La mujer del establo accedió a quedarse con Janey por tres dólares al mes. July pagó dos meses, por adelantado. Cuando le dijeron que iba a quedarse en Fort Worth, Janey no dijo una palabra. La mujer le habló con animación de que comprarían ropas nuevas, pero Janey siguió sentada en su tina, silenciosa.

La mujer ofreció quedarse también con Joe y tenerle gratis a cambio de ayudarla en la cuadra. July se sentía tentado de aceptar, pero Joe parecía tan desgraciado que se enterneció y le dejó que siguiera con ellos. Entonces apareció Roscoe vestido con ropas tan tiesas que parecía imposible que pudiera andar metido en ellas.

—Bueno, a lo mejor estarán flexibles para Navidad —comentó la mujer riendo—. Parece como si anduviera metido en un par de chimeneas.

—Lo único que tenían de mi medida era negro —se excusó Roscoe.

Sentía tener que abandonar a Janey. ¿Y si el viejo Sam mejoraba, les seguía la pista hasta Fort Worth y la encontraba? Le regaló dos dólares, pero Janey movió negativamente la cabeza. Cuando se marcharon aún seguía sentada encima de la enorme tina.

Joe estaba contento de que no fuera con ellos. A su lado tenía la sensación de que no hacía las cosas demasiado bien.

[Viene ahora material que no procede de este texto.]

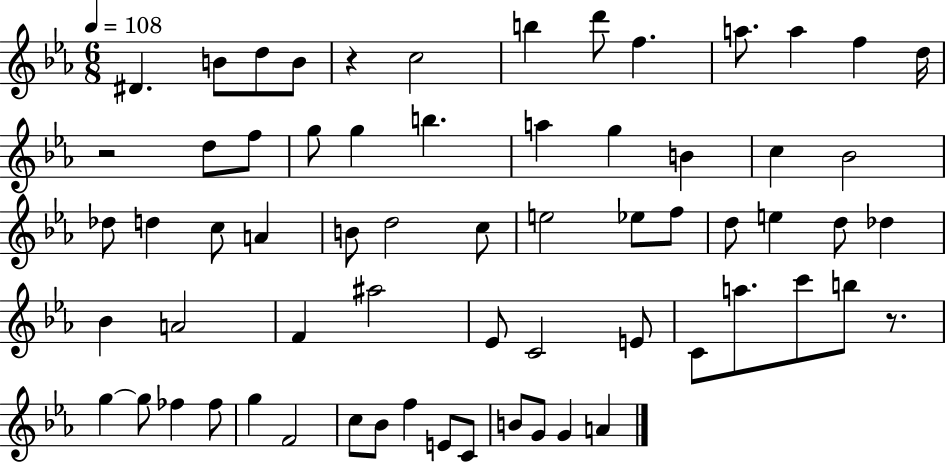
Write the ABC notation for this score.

X:1
T:Untitled
M:6/8
L:1/4
K:Eb
^D B/2 d/2 B/2 z c2 b d'/2 f a/2 a f d/4 z2 d/2 f/2 g/2 g b a g B c _B2 _d/2 d c/2 A B/2 d2 c/2 e2 _e/2 f/2 d/2 e d/2 _d _B A2 F ^a2 _E/2 C2 E/2 C/2 a/2 c'/2 b/2 z/2 g g/2 _f _f/2 g F2 c/2 _B/2 f E/2 C/2 B/2 G/2 G A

Pero la alegría le duró poco. Aquella noche acamparon en la pradera, a unos treinta kilómetros al norte de Fort Worth. July consideró que podían dormir sin hacer guardias, pues había caminos transitados a ambos lados. Podían oír los pastores cantando de noche al ganado.

Por la mañana, cuando Joe abrió los ojos, vio a Janey agachada junto a la hoguera apagada. Iba todavía vestida con su saco. Ni siquiera July la había oído llegar. Cuando este despertó le entregó los seis dólares que había dado a la mujer, July los aceptó sorprendido. Joe se disgustó. No estaba bien que la muchacha apareciera sin permiso de July. Si los indios se la llevaban, él personalmente no lo lamentaría…, aunque si lo pensaba bien, él mismo podía ser una presa más fácil. La muchacha les había seguido por la noche, a través de la pradera. Era algo que él no hubiera podido hacer.

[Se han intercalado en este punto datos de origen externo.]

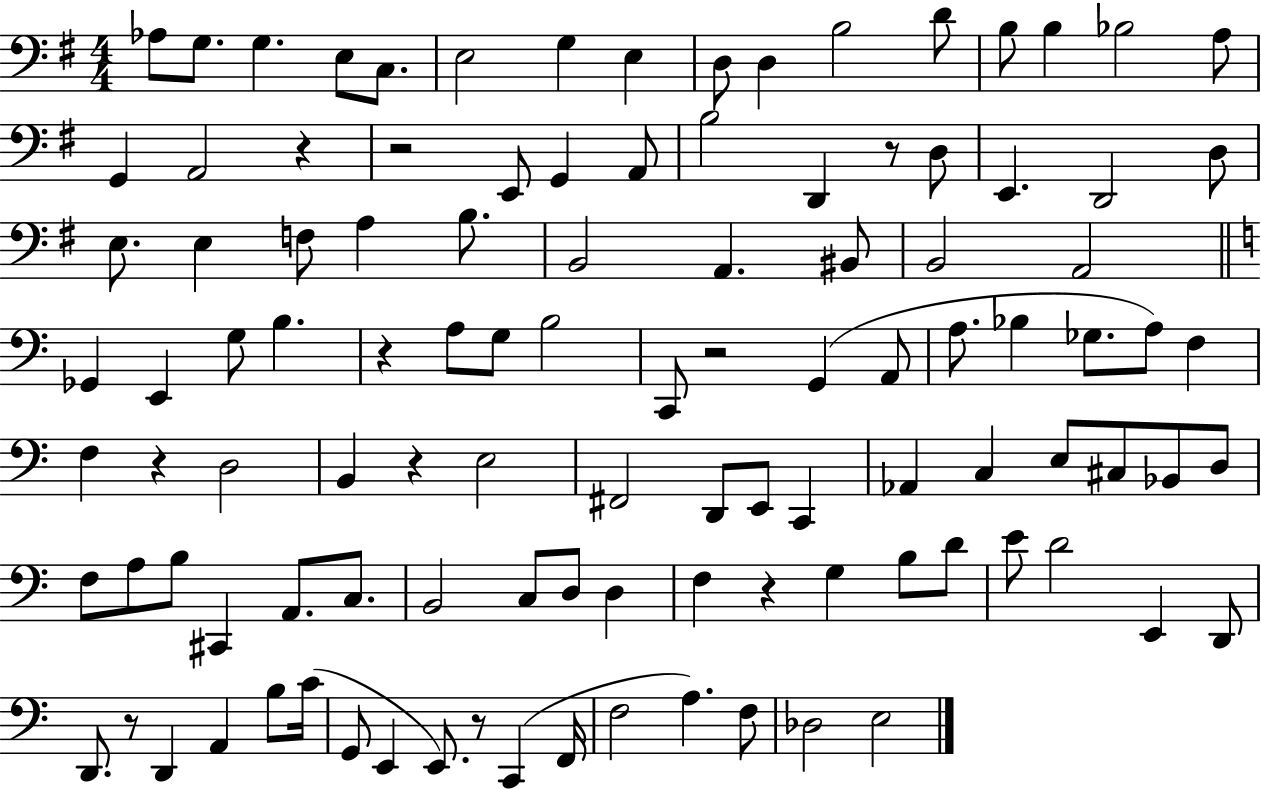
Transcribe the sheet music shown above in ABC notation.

Todo aquel día la muchacha anduvo sola, sin alejarse nunca demasiado. No era como las chicas que Joe había conocido en Fort Smith, ninguna de las cuales hubiera aguantado cinco minutos. Joe no sabía qué opinar de ella, ni July, ni siquiera Roscoe, que era el que la había encontrado. Pero pronto se encontraron lejos, en plena pradera, y todos fueron conscientes de que Janey viajaría con ellos.